Right when I'm considering just running off and hiding and somehow ignoring the damn door, that familiar, gentle knock raps, and my heart flutters like a thousand feathers blown on by the wind. I quickly check my pockets for cash and make the wobbly walk toward the deadbolt. And then, riding in on a blast of sultry night air, come those sexy, sexy words I've secretly been so longing to hear: "Uh, did you order eggs?"
Yes, my friends, eggs. You see the creative people at the nifty Cafe Corner have come up with a zany enterprise - late-night breakfast delivery. Sure, it's crazy, but it's kind of inspired, too, don't you think? I mean, considering the huge student body they serve?
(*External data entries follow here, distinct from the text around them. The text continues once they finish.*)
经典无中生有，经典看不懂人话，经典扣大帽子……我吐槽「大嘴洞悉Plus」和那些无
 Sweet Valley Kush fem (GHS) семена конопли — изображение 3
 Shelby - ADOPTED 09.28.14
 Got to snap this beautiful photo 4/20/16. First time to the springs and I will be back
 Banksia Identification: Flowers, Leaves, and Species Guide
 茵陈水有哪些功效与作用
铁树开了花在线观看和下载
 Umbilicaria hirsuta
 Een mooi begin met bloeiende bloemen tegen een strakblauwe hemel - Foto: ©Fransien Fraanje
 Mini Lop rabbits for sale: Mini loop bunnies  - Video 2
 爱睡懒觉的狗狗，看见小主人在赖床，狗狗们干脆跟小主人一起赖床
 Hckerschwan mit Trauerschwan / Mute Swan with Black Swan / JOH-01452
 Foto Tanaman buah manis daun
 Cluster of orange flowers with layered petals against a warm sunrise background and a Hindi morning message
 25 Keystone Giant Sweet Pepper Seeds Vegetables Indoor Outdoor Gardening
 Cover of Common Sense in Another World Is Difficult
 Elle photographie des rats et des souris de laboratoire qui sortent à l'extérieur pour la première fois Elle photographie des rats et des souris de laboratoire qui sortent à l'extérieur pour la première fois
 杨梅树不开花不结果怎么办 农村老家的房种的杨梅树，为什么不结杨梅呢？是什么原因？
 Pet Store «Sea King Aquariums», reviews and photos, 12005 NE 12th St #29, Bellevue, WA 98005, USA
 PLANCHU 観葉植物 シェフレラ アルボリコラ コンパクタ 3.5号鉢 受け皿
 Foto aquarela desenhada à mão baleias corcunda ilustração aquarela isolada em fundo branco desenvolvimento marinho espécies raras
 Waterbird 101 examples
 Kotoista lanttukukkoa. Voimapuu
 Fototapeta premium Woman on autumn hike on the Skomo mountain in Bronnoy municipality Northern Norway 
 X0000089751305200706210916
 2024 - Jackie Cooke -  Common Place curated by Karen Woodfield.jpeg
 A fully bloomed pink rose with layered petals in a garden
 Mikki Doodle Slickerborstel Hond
Their apt motto, "Late-night breakfast for late-night people," is written on Eggs' sunny-side-up-colored menu. I suppose the thinking is that if breakfast is the most important meal of the day, then the proudly deranged people who believe the middle of the night is the most important time of the day ought to be catered to. And so Eggs delivers from a breakfast-only menu from 6 p.m. to 3 a.m. (4 a.m. on the weekends).
How is it? Well, it's always arrived piping hot and on time (expect a 45-minute wait). And it's fairly cheap. If that sounds like less than a ringing endorsement, it's only because some of the Eggs stuff I got was on the limp side (anything at all "bready") and some was really oily (OK, all of it).
But if you're craving a solid breakfast to caress your soggy and sore spots at, say, 2 a.m. and, uh, driving or cooking aren't advisable in your condition, then Eggs has sorta got you by the yolks.
But don't worry, if you order right (Hash Brown Casserole!), you'll be more than satisfied, and likely better equipped to face the next day. Consider it like having access to a greasy spoon in the privacy of your own living room. Plus you won't groggily wake up to a grease fire or a morning-after kitchen that resembles Fallujah.
Breakfast of Champion Midnight Slackers
(listed in order of preference)
Hash Brown Casserole ($7): Pure guilty pleasure. A reason to jones and gorge. Its crisp-ish, cheesy, oniony, golden-brown fried shredded spuds come in a mac-n-cheese-like block.
Classic Breakfast ($7): Hash brown casserole plus two warm fried eggs, two doughboy-quality biscuits and choice of standard-issue breakfast meat ($1 extra for pasty sausage gravy or cheese sauce).
The Horseshoe ($9): Feeds the household. A laughably over-the-top slop bucket spilling over with a huge hash brown casserole smothered with cheese sauce and sausage gravy, green peppers, mushrooms, jalapenos, four biscuits, ham, bacon, two kinds of sausages, eggs (mine seemed to be missing, but who could really tell?), tomatoes and so forth.
Spicy veggie burrito ($8): Easy to suck down. Eggs, lots of green peppers and nacho cheese sauce, hot sauce and hash brown casserole rolled up in a big flour tortilla.
Cinnamon Apple French Toast ($7): Good-tasting but soggy. Very decent, nicely browned, eggy slabs of Texas toast sided with a warm, gooey mass of cooked apples.
Pancakes ($7): Mine tasted mostly of the surfeit of oil they were cooked in.